*EXERCISE PROMPT*
Below, some lines carry pictures; leave those pictures out and retype exactly the lines from the one with "Oil, gas, or" through the one with "United States, Illinois, Chicago, Magnificent".

Records from a collection:
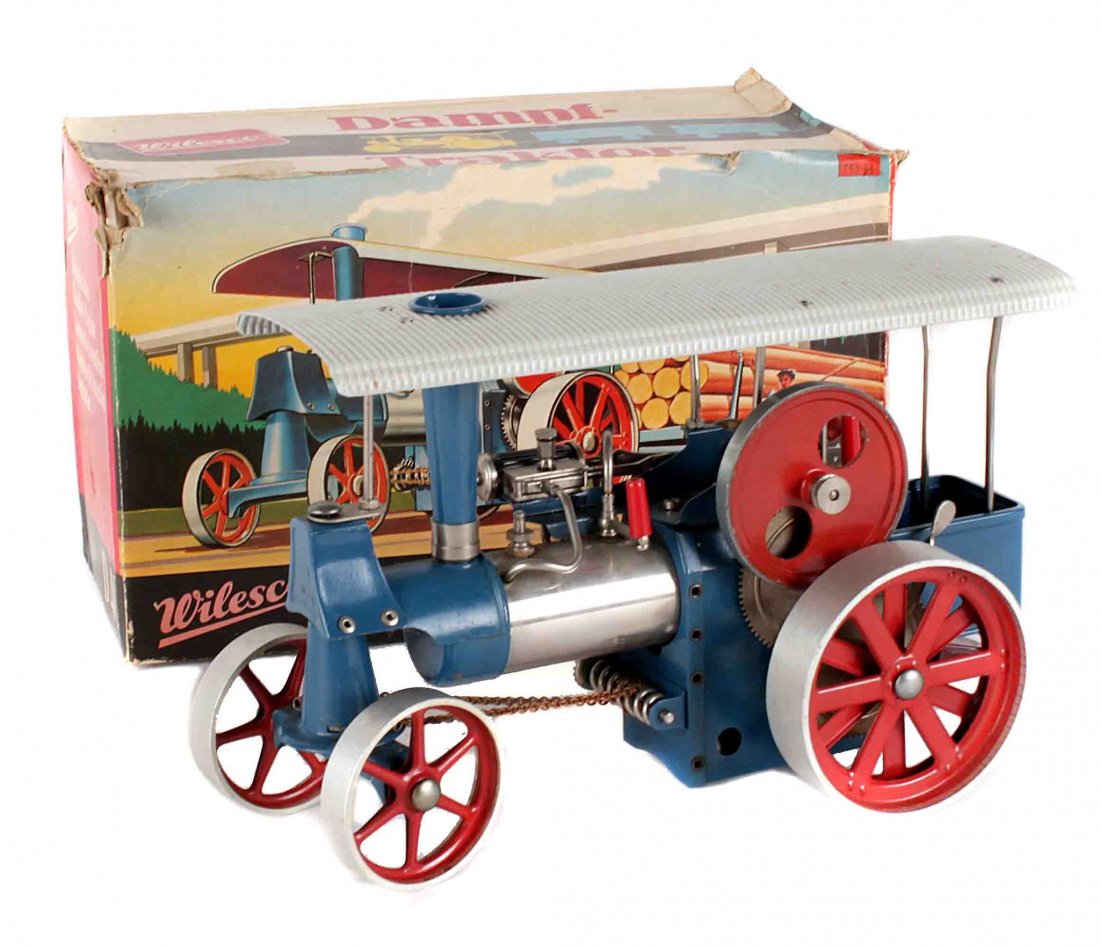 A Wilesco D40 spirit fired traction engine: A Wilesco D40 spirit fired traction engine, with canopy and original flexible steering gear, boxed (very little wear).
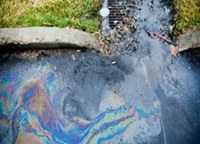 Oil, gas, or unknown substances with an oil sheen entering a storm drain inlet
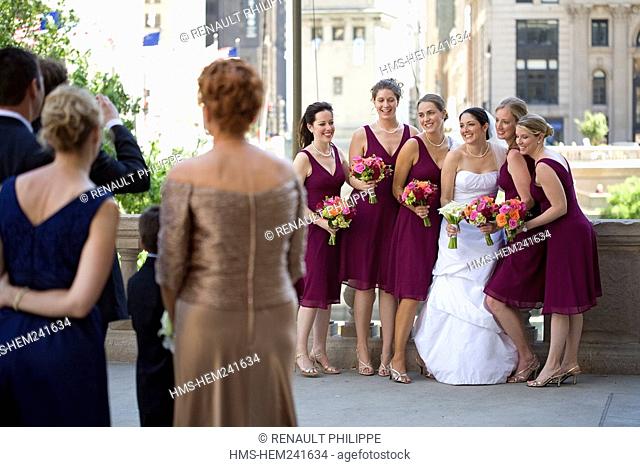 United States, Illinois, Chicago, Magnificent Mile District, bride and her bridesmaids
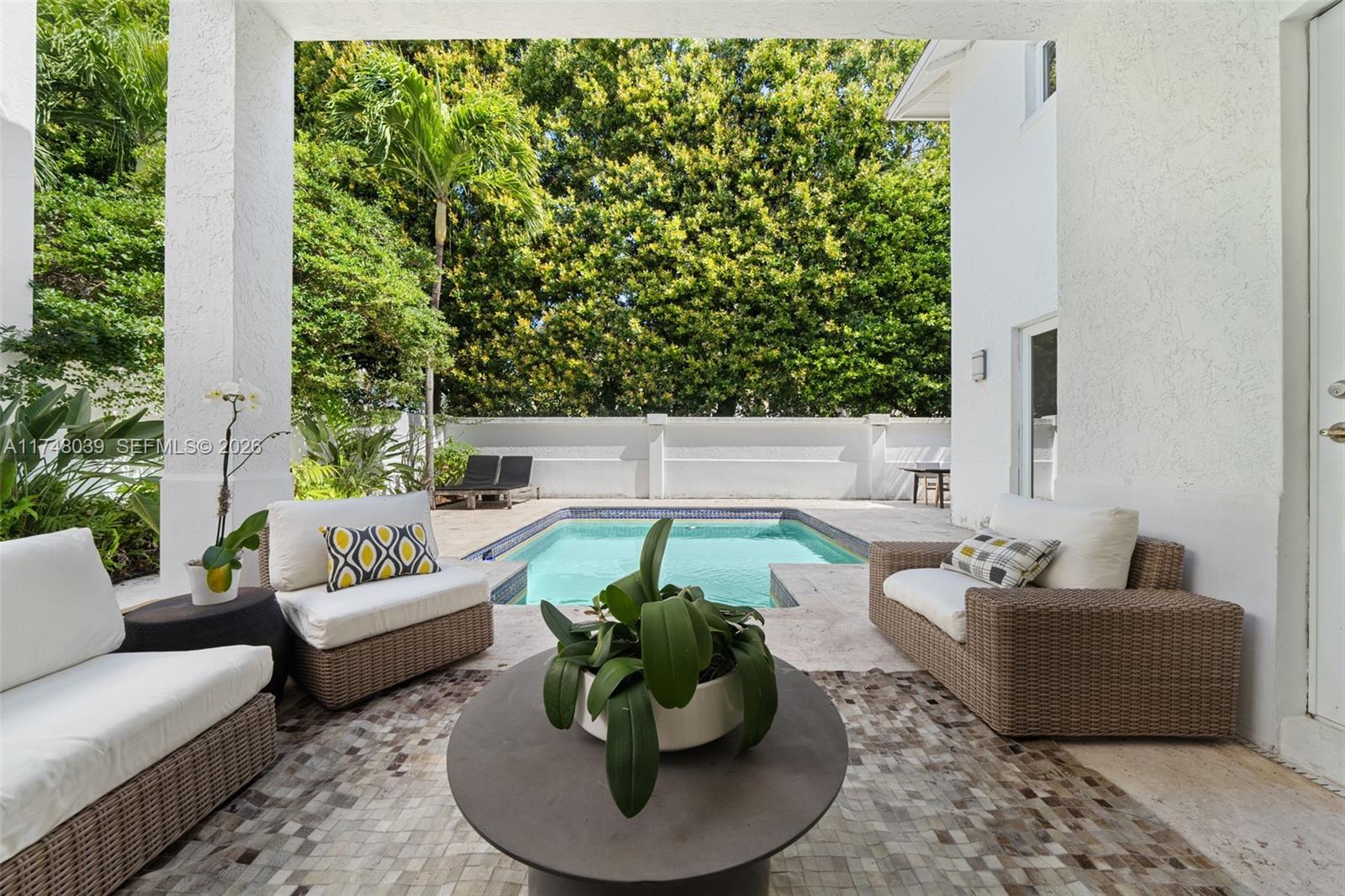6 Coconut Lane Key Biscayne, FL 33149 - Photo 42 of 49 a living room with furniture and a potted plant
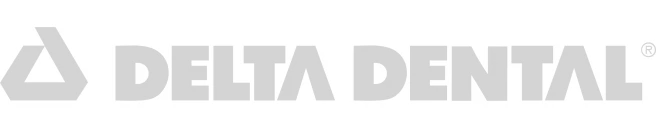 Delta Dental logo in gray with a triangular icon to the left.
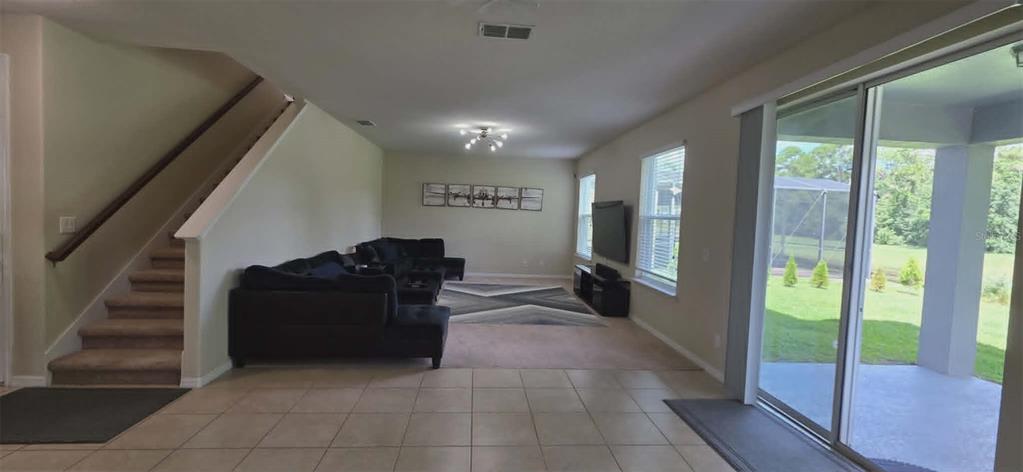 A living room features a staircase, a dark sectional sofa, and sliding glass doors — 5177 DOVE TREE STREET, ORLANDO, FL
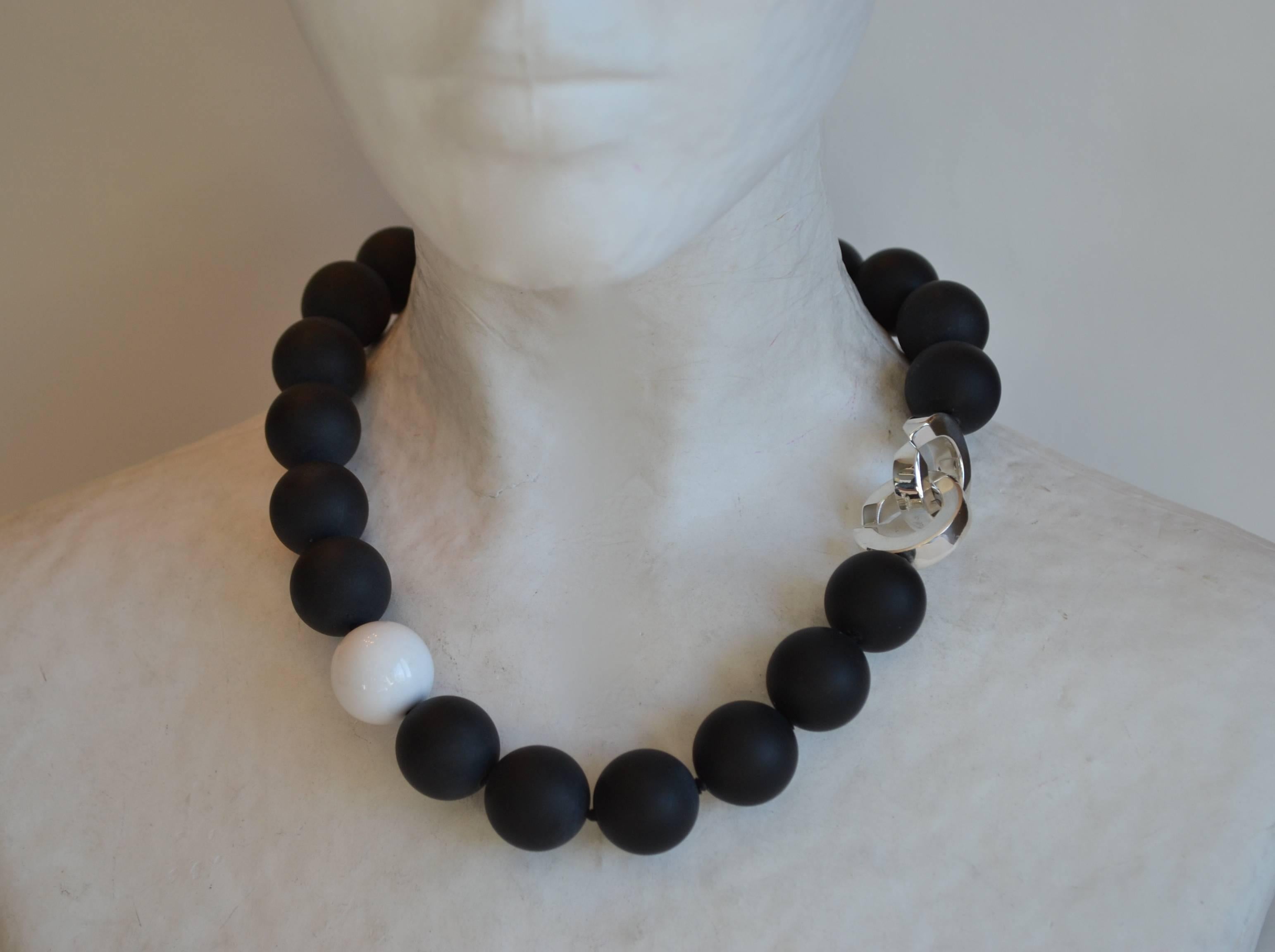 Satin black onyx and white coral bead necklace with solid sterling silver clasp from Patricia von Musulin.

*SOLUTION*
 Oil, gas, or unknown substances with an oil sheen entering a storm drain inlet
 United States, Illinois, Chicago, Magnificent Mile District, bride and her bridesmaids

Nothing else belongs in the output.